Berdasarkan Peraturan Pemerintah nomor 22 tahun 2021 tentang Penyelenggaraan Perlindungan dan Pengolahan Limbah Lingkungan Hidup, FABA dari kegiatan PLTU merupakan non bahan berbahaya dan beracun (Non-B3). Hal tersebut sesuai uji karakteristik yang dilakukan oleh pemerintah.
“Bukti empiris dari laboratorium menunjukkan bahwa FABA tidak layak untuk dimasukkan kedalam limbah B3, yakni melalui uji karakteristik lebih rendah dari tingkat kontaminasi radioaktif yang dipersyaratkan.
Terbukanya Pemanfaatan FABA
Dengan dikeluarkannya FABA dari limbah B3, kata Rida, maka terbuka luas pemanfaatannya untuk meningkatkan kontribusi ekonomi.
Di negara luar, FABA secara luas digunakan sebagai material pendukung baik untuk sektor infrastruktur, stabilisasi lahan reklamasi (lahan bekas tambang). Berdasar data tahun 2010, pemanfaatan FABA negara luar sudah cukup tinggi seperti di Jepang hampir 97%, China 67%.
“Mereka disana sudah memanfaatkan FABA terlebih dahulu dan ini yang sedang kita lakukan,” katanya.
Sebagaimana diketahui, di Indonesia sendiri FABA belum terlalu termanfaatkan dengan baik sebelumnya, karena status FABA yang sebelumnya adalah limbah B3. Dengan ditetapkannya FABA sebagai limbah non-B3 maka diharapkan FABA dapat dimanfaatkan secara maksimal, sehingga dapat memenuhi industri pengolahan pencampuran di industri beton, pertanian, dan reklamasi pascatambang dan juga roadbase stabilisasi lahan.
Pemanfaatan FABA bagi keperluan infrastruktur dapat memberikan manfaat bagi negara, seperti halnya di Kadin. Tercatat pada 2020 penggunaan beton dengan campuran FABA secara ekonomi dapat menurunkan biaya jika dibandingkan membuat beton konvensional sehingga memberikan efisiensi anggaran pembangunan infrastruktur sebesar Rp 4,3 Triliun sampai dengan tahun 2028.

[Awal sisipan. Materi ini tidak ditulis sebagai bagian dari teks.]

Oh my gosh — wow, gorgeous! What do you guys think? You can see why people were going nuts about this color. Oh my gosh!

Tentu saja hal ini juga menyerap tenaga kerja pada industri kecil mikro yang kita utamakan. Dengan melihat banyaknya manfaat dari FABA, perlu akselerasi pemanfaatan FABA yang berupa dukungan kebijakan sehingga pemanfaatan FABA dapat dilakukan secara massif dan dapat memberikan keuntungan bagi negara dan mengurangi permasalahan terhadap lingkungan.

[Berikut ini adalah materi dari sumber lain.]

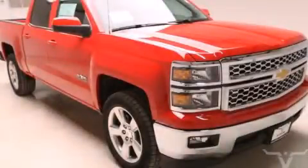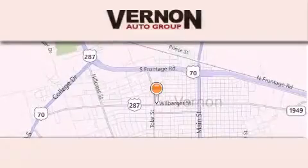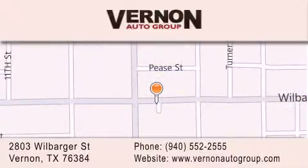Please call us today for more information on this great vehicle. Vernon Auto Group is located at 2803 Wilbarger Street in Vernon. Our goal is to exceed all of your expectations to ensure that you'll return for future visits.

Dengan dijadikan FABA sebagai limbah non-B3 pengusaha tetap diminta untuk melakukan pengolahan FABA dengan mengkedepankan prinsip berwawasan lingkungan dan ketentuan yang dipersyaratkan pada PP 22/2021 tentang Penyelenggaraan Perlindungan dan Pengolahan Lingkungan Hidup dan Aturan Turunannya yang dalam hal ini keluarkan oleh Kementerian Lingkungan Hidup dan Kehutanan.
“Informasi saat ini KLHK sedang melakukan finalisasi pengolahan FABA yang nantinya dapat dijadikan sebagai acuan kegiatan PLTU dalam mengelola FABA. Dengan begitu FABA akan dikelola lebih baik, disamping lebih aman untuk lingkungan, juga memberikan manfaat bagi masyarakat dan bagi negara,” tukas Rida.
“Saya kira melalui Webinar ini kita dapat banyak pengetahuan dan sekitarnya memungkinkan bisa menjadi masukan bagi pemerintah dalam hal menyusun kebijakan lebih jauh dalam rangka mempercepat pemanfaatan FABA agar lebih bermanfaat bagi masyarakat dan negara,” tandasnya.